For this activity, you will pick one of the following accidents related to aircraft operation, maintenance, and inspection issues:
Aloha Airlines Flight 243, Boeing 737-200, N73711/FAA (Links to an external site.) https://lessonslearned.faa.gov/ll_main.cfm?TabID=1&LLID=20
American Airlines Flight 587, Airbus A300-600, N14053/FAA (Links to an external site.) https://lessonslearned.faa.gov/ll_main.cfm?TabID=1&LLID=35
Alaska Airlines Flight 261, McDonnell Douglas MD-83, N963AS/FAA (Links to an external site.) https://lessonslearned.faa.gov/ll_main.cfm?TabID=1&LLID=23
In this module you will discover factors related to nondestructive inspection (NDI) and nondestructive testing (NDT), such as visual, borescope, liquid (dye) penetrant, magnetic particle, ultrasonic, eddy current, and radiographic (X-rays and Gamma rays) inspections.
An accident case study analysis is included as research for this module to allow an opportunity to apply what you’ve learned in the course up to now.
This case study explores aircraft operation or maintenance/inspection flaws, often involving errors or faulty assumptions during the operation or maintenance process. Feel free to explore each of the accident descriptions to help you decide if there is a particular accident you wish to study over the other two. As you study and research the accident you chose, be sensitive to discover what the flaws, errors, and faulty assumptions were.
Again, this site and its database hold a wealth of data and useful information pertaining to these case study analyses of this course. Use this case study to become acquainted with the information and resource layout on the FAA website. Graphics, actual documents, and final accident reports are all included in the accidents provided in this database, which makes it a great starting point. Try to be as specific as you can while expressing your analysis in your own words, so try to limit your use of jargon.
Case Study Guidance
Title or Cover Page – Include title, activity number, course number, and your name at a minimum.
Introduction or executive summary – include a brief paragraph to introduce your reader to your approach to this analysis and what to expect.

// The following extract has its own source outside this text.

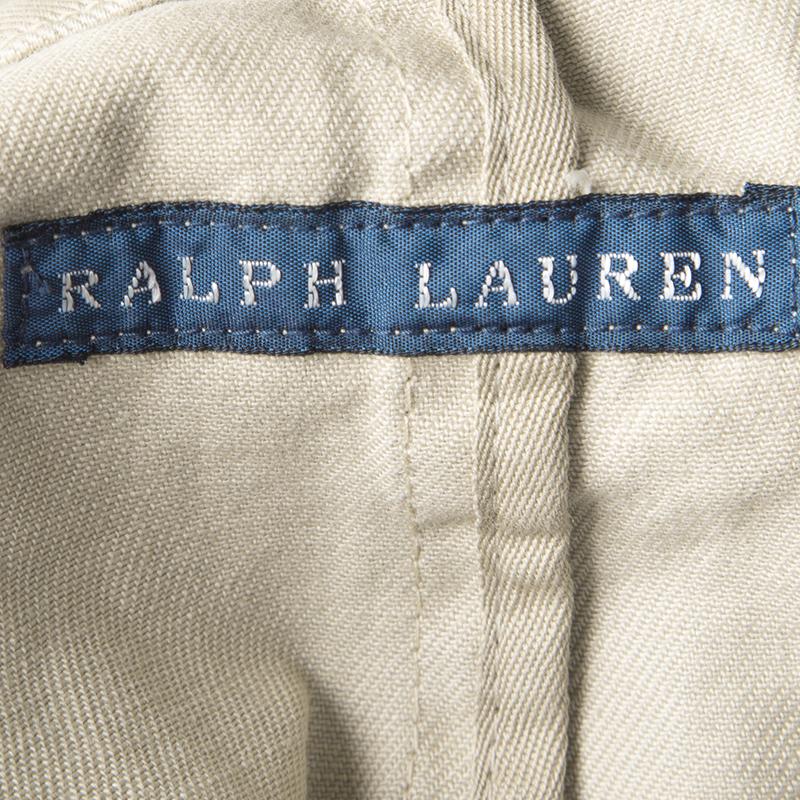 Women's Ralph Lauren Beige Cotton Twill Leather Trim Button Front Jacket L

Primary Causal Factor(s) of the Accident – Include one to two paragraphs identifying the probable cause(s) of the accident. Usually, it is hard to narrow an accident event down to a single cause, especially if two related or intertwined systems or system components are involved simultaneously, referred to as ‘coupling’ in the context of safety analysis. This content must be evidence-based and factual in nature.
Contributing Factors to the Accident – Include two to four paragraphs identifying what the contributing factors were causal to the accident. These factors contributed to the accident, even though they weren’t primary. These factors could be links in the ‘accident chain’ of events leading up to the mishap. These factors may reduce or exacerbate the accident conditions and resulting severity. A thorough analysis in this section should aid you in formulating potential risk mitigation or reduction strategies in a subsequent section. This content must be evidence-based and factual in nature.
Structural and Mechanical Factors Related to the Accident – Include two to four paragraphs identifying the structural and mechanical factors involved in this accident. This portion should entail the bulk of your analysis. Use this section to detail any strengths and weaknesses of the applicable aviation system(s), whether aircraft design, construction, maintenance, component reliability, etc. This content must be evidence-based and factual in nature.
Relevant Human Factors and/or Organizational Factors Related to the Accident – Include two to four paragraphs identifying what the relevant human/organizational factors were involved in this accident. Be sure to include how these deficiencies led to or exacerbated the situation. This content must be evidence-based and factual in nature.
Outcomes of the Accident – Include two to four paragraphs stating what happened subsequent to the accident (this may be months or years later). Although a bulleted list of outcome items may be provided, there should be sufficient explanations to describe any disparities between the investigation board’s proposed solutions (i.e., recommendations) versus ‘real-world’ eventual actions by the various governmental and industry groups. Examples may include possible airworthiness directives (ADs) issued, new regulations or rules adopted or amended, redesign standards, etc. Consider which recommendations were suggested by the investigation board. Were these recommendations followed or complied with? What recommendations were left unheeded? If so, why? This content must be evidence-based and factual in nature.
Risk Mitigation or Reduction Strategies – Include two to four paragraphs explaining, from your analysis, any risk mitigation or reduction strategies or methods that you believe may have either prevented this accident or lessened its severity. This is your opportunity to demonstrate and integrate your knowledge learned up to this point of the course and apply learned facets in analyzing this accident. This is where you can interject your opinions, suggestions, any differences you may have regarding investigation board results, and any differences toward eventual outcomes related to this accident. This section should prepare you for your Discussion – Case Study Reflection
Conclusion or Summary – Include one or two paragraphs to explain your main take-aways from this case study. This is your opportunity to demonstrate and integrate your knowledge learned up to this point of the course and apply learned facets in analyzing this accident. This is also where you can interject your opinions, suggestions, or differences regarding investigation board results related to this accident. This section should prepare you for your Discussion – Case Study Reflection
Reference Page – Include all references cited in the paper of information sources, in current APA edition format.